When no remote controller is used to change volume level, a BCD encoder switch can be used in both cases.
Because of the lower complexity a logarithmic network is to be preferred.
It is not easy to find BCD switches with more than 16 steps, that is why I have made the implementation for a 32dB Volume control, adequate for most cases but not for all.
That is why I have added in my own preamp a fifth relay plus resistor over the feedback resistor of the output OpAmp for an extra step of 16dB.
To my opinion every preamp should actually have remote control, so in my case this remote control takes care of the extra 16dB step giving me a control range from -40dB to +6dB in real gain.
In practice I never exceed 0dB or -32dB when used with a high output balanced DAC and a low output Phono preamp.
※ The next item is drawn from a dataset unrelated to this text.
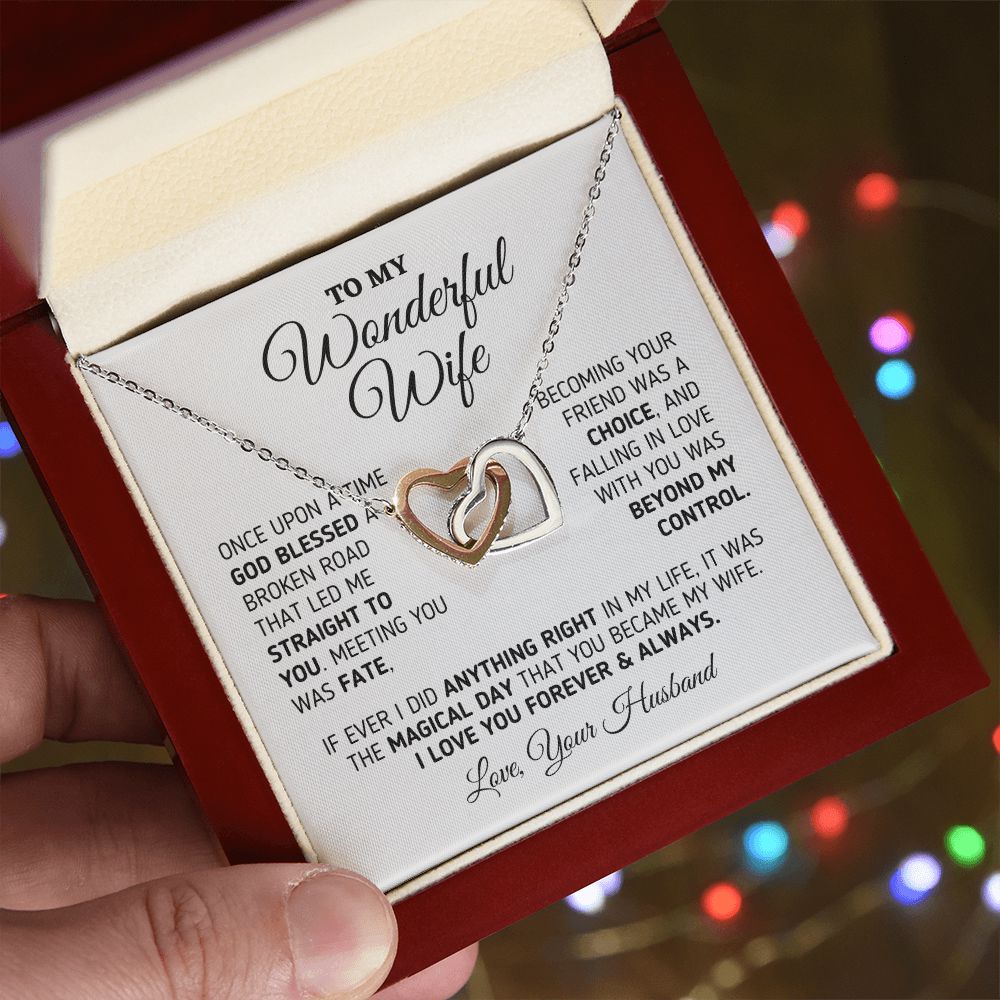 Gift for Wife "The Magical Day" Interlocking Hearts Necklace Jewelry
This leaves me 6dB headroom on both ends.
However, in case of controlling the volume directly on the preamp, a separate switch can be installed to control the fifth relay when 32dB is not sufficient.
As a last word, a volume controller can all but "improve" the sound reproduction, it can only influence the sound in a negative way by adding unwanted components.
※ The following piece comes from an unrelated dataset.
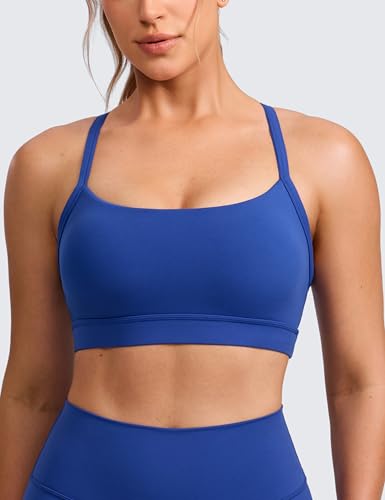 Image of CRZ YOGA Butterlift Cross Back Sports Bras | Medium Support, Removable Pads, Yoga, Buttery Soft, Scoop Neck, Cut-Out, Adjustable Thin Straps, for Women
Using the volume control in the feedback chain prevents many of the possible negative influences as BP has tried to explain in his excellent design.
By using a discrete volume control, a further step can be made in reducing unwanted components being added to the signal, hence potentially resulting into a better sound.
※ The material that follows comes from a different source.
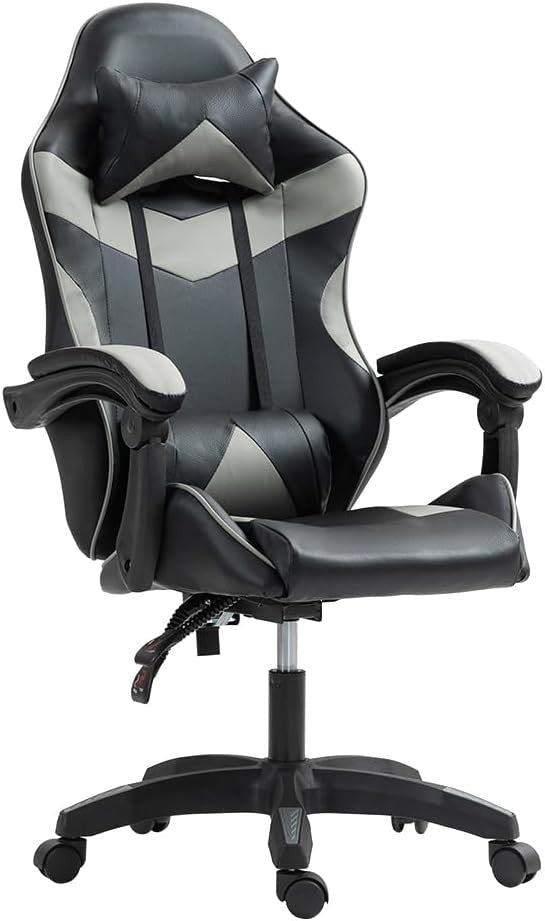 Heavy Duty Gaming Chair Grey PU Leather Reclining Swivel - Kwikley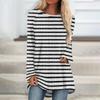 Womens Tops Round Neck Long Sleeve Blouses Casual Mid-length Shirts Fashion Print Tunic Tops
A discrete controlled stereo attenuator has several advantages.
1) When equipped with 0.1% resistors, it will have a tracking error in the order of 0.01dB.
2) One can set the minimum and the maximum gain as required, thereby completely preventing a potential accident because of turning the pot beyond safe levels.
3) There is never the danger of a wiper coming loose, potentially ruining the speakers.
4) When using proper resistors, possible causes of distortion such as thermal modulation will be kept to the minimum.
In practice 2 dB steps for a volume control seems to be adequate, 1dB steps are definitely too small for normal use.
Control range for a Preamp should be somewhere between 32dB and 48dB, depending on the variety of used sources, meaning 16 to 24 steps of 2dB each.
Implement this with a linear R/2R ladder, and you will need 5 to 6 relays plus a linear to dB converter to control the relays.
Doing the same with a logarithmic network results in 4 to 5 relays.
When no remote controller is used to change volume level, a BCD encoder switch can be used in both cases.
Because of the lower complexity a logarithmic network is to be preferred.
It is not easy to find BCD switches with more than 16 steps, that is why I have made the implementation for a 32dB Volume control, adequate for most cases but not for all.
That is why I have added in my own preamp a fifth relay plus resistor over the feedback resistor of the output OpAmp for an extra step of 16dB.
To my opinion every preamp should actually have remote control, so in my case this remote control takes care of the extra 16dB step giving me a control range from -40dB to +6dB in real gain.
In practice I never exceed 0dB or -32dB when used with a high output balanced DAC and a low output Phono preamp. This leaves me 6dB headroom on both ends.
However, in case of controlling the volume directly on the preamp, a separate switch can be installed to control the fifth relay when 32dB is not sufficient.
As a last word, a volume controller can all but "improve" the sound reproduction, it can only influence the sound in a negative way by adding unwanted components.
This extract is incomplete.